Nous avons donc vu que la science commence à expliquer et formaliser ce que les individus ressentent et savent intérieurement depuis longtemps.
Nous commençons à réaliser deux points primordiaux pour l’évolution de nos organisations :
- Les entreprises et globalement les organisations doivent se construire de manière à maximiser l’exploitation de nos capacités biologiques et pas uniquement pour s’appuyer sur notre aspect purement logique.
- Nos organisations doivent évoluer pour devenir plus performantes et adaptées à leurs écosystèmes. Ces nouvelles organisations ne doivent plus se bâtir selon des modèles mécaniques créés par l’homme mais s’appuyer sur des modèles qui ont fait leurs preuves, évolués et affinés depuis des milliers voire millions d’années.

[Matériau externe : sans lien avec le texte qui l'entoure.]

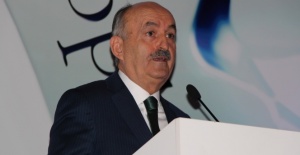 Bakan Müezzinoğlu'ndan gelir testi açıklaması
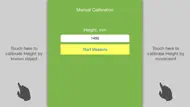 Distance and Height Telemeter iphone bilder 2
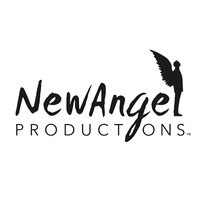 New Angel Productions Logo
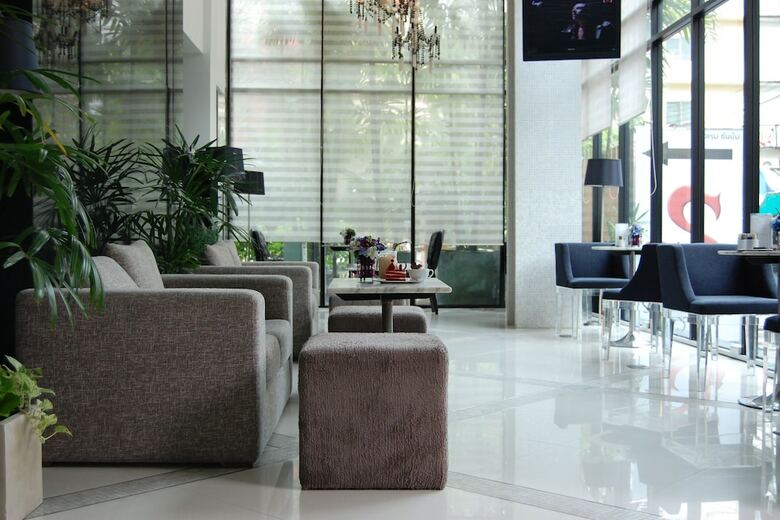 Sunbeam Hotel Pattaya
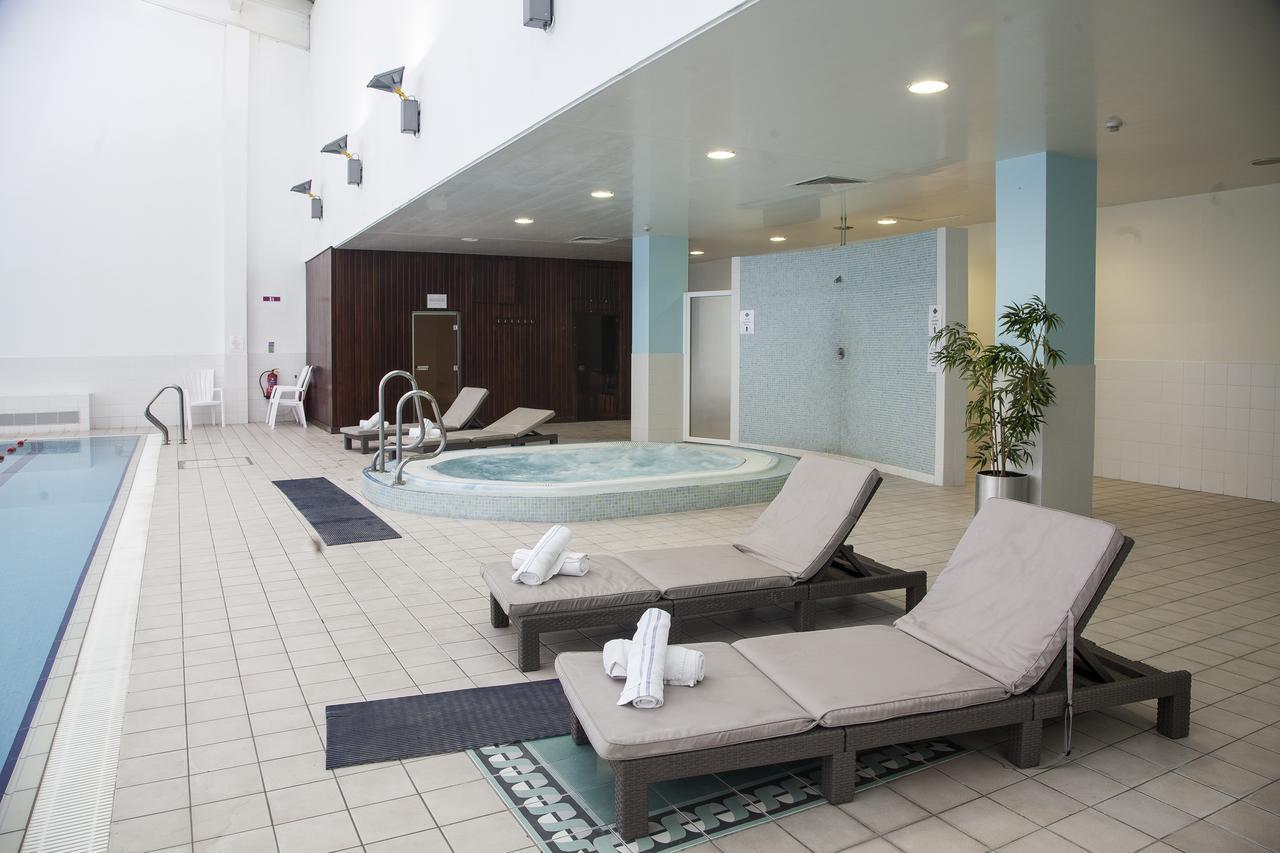 Carnbeg Hotel & Spa Dundalk Dış mekan fotoğraf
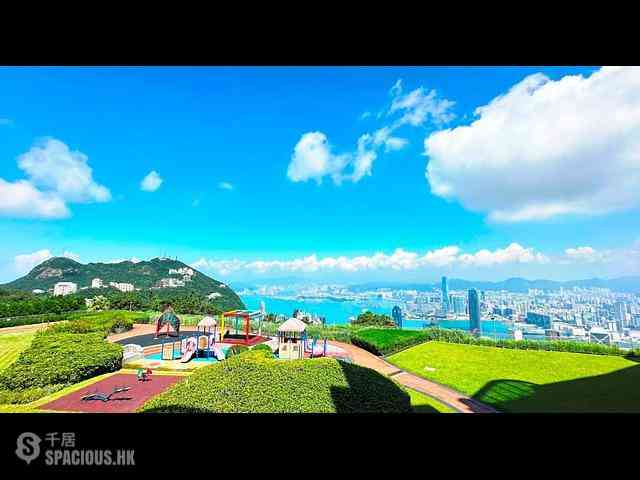 山頂 - 雲嶺山莊 01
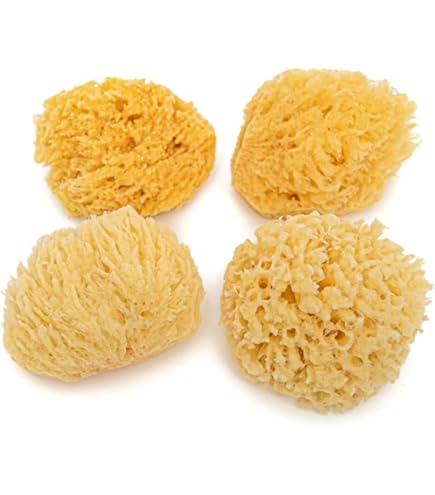 RAMER Super Soft Body Sponge Small | Hondos Center - View #12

Notre société a évolué d’un modèle ou la production de bien en masse était la demande à un modèle dans lequel c’est la différenciation et la capacité à s’adapter d’une entreprise, son agilité, qui sont les facteurs les plus importants de réussite. Pour passer d’un modèle « machine à produire » à un modèle plus adapté aux enjeux de la nouvelle société de l’information, nos organisations ont tout à gagner à ne plus utiliser la seule force brute de travail des individus mais à exploiter pleinement leurs potentiels. Pour se faire, elles ont tout à gagner à s’inspirer du vivant, que ce soit parce qu’elles reposent sur des êtres complexes ou parce qu’elles sont, par analogie, des systèmes naissants, vivants, évoluant et dans certains cas mourants.